Mesh : Humans Venous Thromboembolism / etiology epidemiology Risk Factors Male Female Middle Aged Arthroplasty, Replacement, Knee / adverse effects Arthroplasty, Replacement, Hip / adverse effects Aged Postoperative Complications / epidemiology etiology Cohort Studies Databases, Factual Adult Acute Disease

来  源:   DOI:10.1371/journal.pone.0308813   PDF(Pubmed)

Abstract:
BACKGROUND: Several risk factors are associated with acute venous thromboembolism (VTE) after total joint arthroplasty (TJA). However, there is a lack of literature regarding the cumulative impact of multiple risk factors. To address this gap, we utilized the PearlDiver database, an insurance billing claims database containing de-identified data from 91 million orthopedic patients.
METHODS: The PearlDiver database was queried for records of patients who underwent total hip and knee arthroplasty from 2010 to 2019 using ICD-10 and CPT codes. Twelve persistent and two transient risk factors were analyzed for their association with the occurrence of acute VTE within three months after surgery. Univariate and logistic regression analyses with odds ratios (ORs) and confidence intervals (CIs) were conducted to determine the odds associated with each risk factor and the impact of multiple concurrent risk factors.

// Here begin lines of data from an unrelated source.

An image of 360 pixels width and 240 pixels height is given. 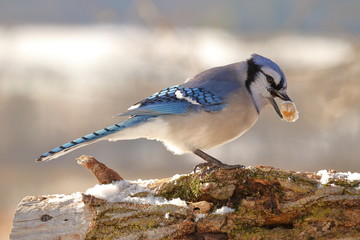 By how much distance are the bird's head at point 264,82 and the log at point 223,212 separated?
375mm

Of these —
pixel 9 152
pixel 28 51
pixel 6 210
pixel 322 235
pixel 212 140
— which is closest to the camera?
pixel 322 235

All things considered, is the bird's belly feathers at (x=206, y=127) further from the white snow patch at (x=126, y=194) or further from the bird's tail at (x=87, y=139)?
the white snow patch at (x=126, y=194)

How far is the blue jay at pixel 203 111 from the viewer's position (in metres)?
1.75

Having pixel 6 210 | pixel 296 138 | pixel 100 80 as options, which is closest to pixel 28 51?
pixel 100 80

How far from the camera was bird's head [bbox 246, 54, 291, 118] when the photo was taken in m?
1.80

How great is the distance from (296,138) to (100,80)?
1117 millimetres

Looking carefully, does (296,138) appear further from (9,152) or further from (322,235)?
(322,235)

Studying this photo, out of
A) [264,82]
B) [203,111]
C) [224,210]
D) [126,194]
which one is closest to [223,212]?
[224,210]

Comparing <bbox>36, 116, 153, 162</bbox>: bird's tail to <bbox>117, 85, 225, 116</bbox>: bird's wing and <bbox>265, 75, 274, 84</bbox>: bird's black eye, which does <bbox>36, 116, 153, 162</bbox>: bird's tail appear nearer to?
<bbox>117, 85, 225, 116</bbox>: bird's wing

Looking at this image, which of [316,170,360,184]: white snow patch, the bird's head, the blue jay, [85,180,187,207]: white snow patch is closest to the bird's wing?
the blue jay

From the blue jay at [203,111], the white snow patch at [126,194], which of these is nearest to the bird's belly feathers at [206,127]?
the blue jay at [203,111]

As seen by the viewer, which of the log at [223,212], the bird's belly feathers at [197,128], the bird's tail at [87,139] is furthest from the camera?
the bird's belly feathers at [197,128]

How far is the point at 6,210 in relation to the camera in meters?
3.07

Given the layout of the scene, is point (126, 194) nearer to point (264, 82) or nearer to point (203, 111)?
point (203, 111) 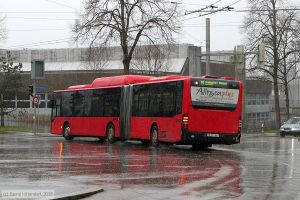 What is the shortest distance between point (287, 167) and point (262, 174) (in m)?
2.48

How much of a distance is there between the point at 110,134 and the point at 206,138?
691 centimetres

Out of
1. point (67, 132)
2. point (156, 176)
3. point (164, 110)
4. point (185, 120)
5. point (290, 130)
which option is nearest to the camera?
point (156, 176)

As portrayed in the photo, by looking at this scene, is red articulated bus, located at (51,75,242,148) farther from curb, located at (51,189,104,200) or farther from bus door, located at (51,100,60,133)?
Answer: curb, located at (51,189,104,200)

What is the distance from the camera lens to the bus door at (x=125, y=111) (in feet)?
88.0

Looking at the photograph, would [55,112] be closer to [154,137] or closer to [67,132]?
[67,132]

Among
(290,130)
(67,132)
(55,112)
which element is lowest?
(290,130)

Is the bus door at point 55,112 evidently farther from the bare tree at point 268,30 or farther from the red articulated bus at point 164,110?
the bare tree at point 268,30

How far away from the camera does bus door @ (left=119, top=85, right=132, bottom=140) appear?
26.8 metres

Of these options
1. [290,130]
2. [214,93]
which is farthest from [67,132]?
[290,130]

RESULTS: A total of 988,675 patients who underwent hip and knee arthroplasty met the inclusion criteria, of whom 1.5% developed acute VTE after three months. The prevalence of VTE risk factors ranged from 0.2 to 38.6%. Individual, persistent risk factors demonstrated 14-84% increased odds of VTE compared to a 1.2% increase for a transient risk factor (acute myocardial infarction). Three or more persistent risk factors were associated with a higher risk of VTE.
CONCLUSIONS: Persistent risk factors were associated with a higher incidence of postoperative VTE than transient risk factors. An incremental increase in risk was noted if three or more persistent risk factors were present.
摘要:
背景:多种危险因素与全关节置换术(TJA)后的急性静脉血栓栓塞(VTE)相关。然而,缺乏关于多个危险因素的累积影响的文献.为了解决这个差距,我们利用了PearlDiver数据库,包含来自9100万骨科患者的去识别数据的保险账单索赔数据库。
方法:使用ICD-10和CPT代码查询PearlDiver数据库中2010年至2019年接受全髋关节和膝关节置换术患者的记录。分析了12种持续性和2种暂时性危险因素与术后3个月内发生急性VTE的关系。使用比值比(ORs)和置信区间(CIs)进行单变量和逻辑回归分析,以确定与每个风险因素相关的几率以及多个并发风险因素的影响。
结果:共有988,675例接受髋和膝关节置换术的患者符合纳入标准,其中1.5%在三个月后发生急性VTE。VTE危险因素的患病率为0.2%至38.6%。个人,持续性危险因素显示发生VTE的几率增加14-84%,而短暂性危险因素(急性心肌梗死)增加1.2%.三个或更多的持续性危险因素与较高的VTE风险相关。
结论:持续危险因素与术后静脉血栓栓塞的发生率高于短暂危险因素。如果存在三个或更多的持续风险因素,则注意到风险增加。